Synthesis of porous silicon, nickel and carbon layers by vapor phase dealloying

Abstract

Porous thin films have various application fields, e.g., for energy conversion in fuel cells , energy storage in lithium ion batteries or supercapacitors as well for catalysis, filtration and sensing. We synthesized porous thin films by co-evaporating a low-vapor-pressure material (e.g., Si, Ni or C) together with zinc and depositing a compact layer of resulting composite. High-rate deposition process up to 100 nm/s was realized by electron beam physical vapor deposition (EB-PVD) of the materials from two graphite crucibles with a fast deflected electron beam in high vacuum. Immediately after deposition, the coated substrates were heated up in vacuum to a temperature above 500 °C and thereby zinc is removed selectively.

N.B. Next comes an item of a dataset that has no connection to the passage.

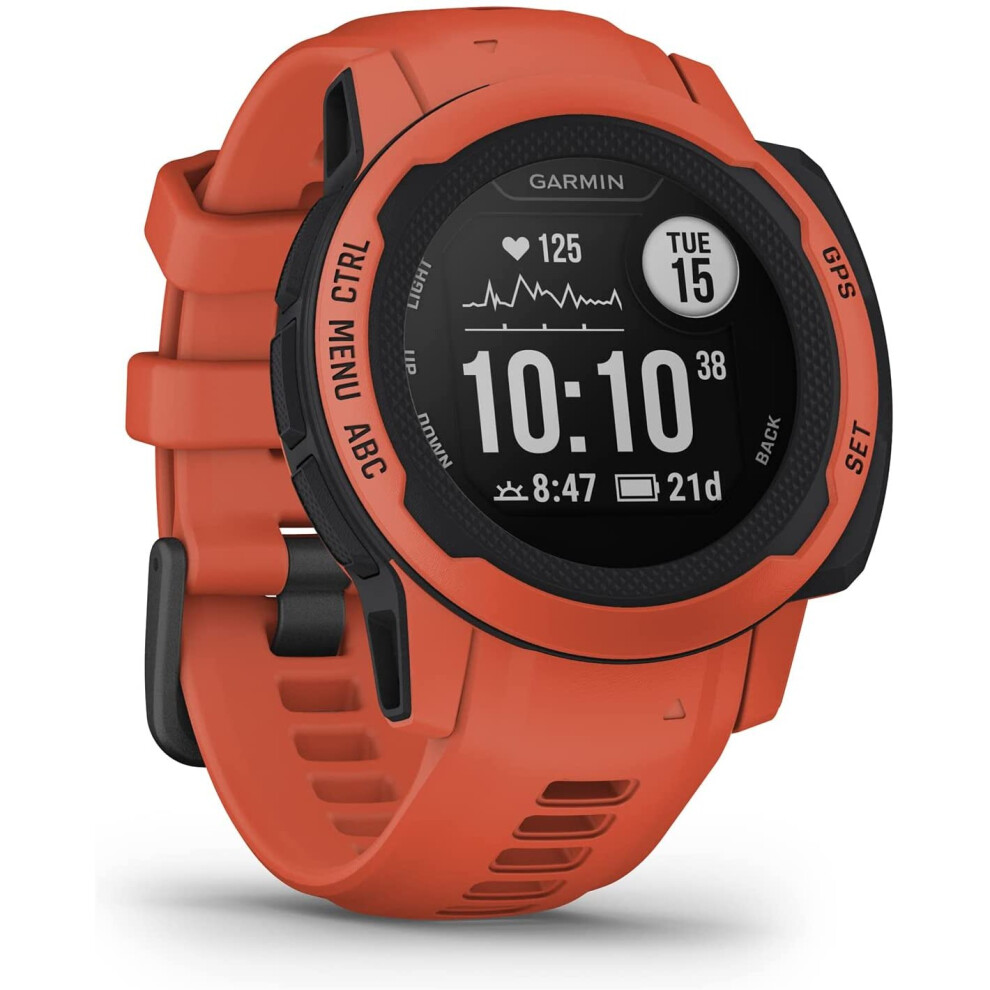 Garmin Instinct 2S Rugged GPS Smartwatch, Poppy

Due to its higher vapor pressure against that of remaining component, zinc is expelled from the layer and vacancies are generated by so called vapor phase dealloying (VPD). We investigated the feasibility of VPD process for the elements silicon, nickel and carbon. The elemental composition and the morphology of the layers prior and after thermal annealing were analyzed by scanning electron microscopy, by energy-dispersive X-ray spectrometry and by X-ray diffraction. • High-rate deposition of compact multiphase layers by co-evaporation of Zn together with Si/Ni/C • Layer morphology can be adjusted by deposition parameters. • Subsequent thermal annealing in vacuum for expelling zinc and generating pores • Porous structure can be adjusted by layer morphology and annealing parameters.